:: EXERCISE ::
Transcribe the records underneath word for word, and leave no line out.

:: DATA FOR THIS TASK ::
********************
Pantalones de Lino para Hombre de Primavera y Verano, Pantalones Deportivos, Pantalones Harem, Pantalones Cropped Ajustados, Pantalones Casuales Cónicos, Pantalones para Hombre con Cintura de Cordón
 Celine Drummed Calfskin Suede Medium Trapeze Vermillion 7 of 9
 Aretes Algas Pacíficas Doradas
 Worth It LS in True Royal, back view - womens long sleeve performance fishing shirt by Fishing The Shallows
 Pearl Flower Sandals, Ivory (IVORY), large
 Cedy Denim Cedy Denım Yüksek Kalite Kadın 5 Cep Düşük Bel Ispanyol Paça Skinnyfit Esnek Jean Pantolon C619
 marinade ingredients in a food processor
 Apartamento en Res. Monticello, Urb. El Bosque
********************
:: ANSWER TO THIS EXERCISE ::
Pantalones de Lino para Hombre de Primavera y Verano, Pantalones Deportivos, Pantalones Harem, Pantalones Cropped Ajustados, Pantalones Casuales Cónicos, Pantalones para Hombre con Cintura de Cordón
 Celine Drummed Calfskin Suede Medium Trapeze Vermillion 7 of 9
 Aretes Algas Pacíficas Doradas
 Worth It LS in True Royal, back view - womens long sleeve performance fishing shirt by Fishing The Shallows
 Pearl Flower Sandals, Ivory (IVORY), large
 Cedy Denim Cedy Denım Yüksek Kalite Kadın 5 Cep Düşük Bel Ispanyol Paça Skinnyfit Esnek Jean Pantolon C619
 marinade ingredients in a food processor
 Apartamento en Res. Monticello, Urb. El Bosque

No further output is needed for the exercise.